DALLAS - A Fox 4 News investigation uncovered four City of Dallas employees failed to report 562 vacation hours they took, amounting to more than $28,000 worth of time.
This development follows an August 2015 audit that revealed the city could not account for as much as $60 million paid out to employees.
After Fox 4 broke that story, Lori Brown fought city hall to obtain public records showing just how much time went unaccounted for.
We now know Karl Zavitkovsky, the Director of Economic Development, was among the city workers who failed to report vacation time. Zavitkovsky did not report 178 hours of leave, even though he did not work those hours. He made $147,000 a year at the time.

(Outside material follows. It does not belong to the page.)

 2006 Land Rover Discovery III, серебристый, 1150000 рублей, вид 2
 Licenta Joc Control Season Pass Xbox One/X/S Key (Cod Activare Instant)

Three other employees in that same department also had vacation days unaccounted for.
Two employees didn’t document 56 and 96 vacation hours each. A third, the worst offender, didn’t document 232 hours. That’s 29 days of work in 12 months. That particular worker collected a $110,000 salary that year.
All four employees, including Zavitkovsky, kept their jobs after the discovery.
Mike McDonald works for a private company downtown.
“I think they should be probably terminated,” McDonald said, when we shared our findings. “They're taking advantage of their employer, and the city of Dallas, and the taxpayers.”
We asked Zavitkovsky for an interview, but he said no.
When we caught up with him at City Hall, Zavitkovsky did not stop to answer our questions and quickly ducked behind secured doors.
His boss, City Manager A.C. Gonzalez, did the same.
Fox 4’s Lori Brown asked, “How can you trust your economic development director?”
Gonzalez did not answer.
A short time later, both men left through a private exit, avoiding our cameras.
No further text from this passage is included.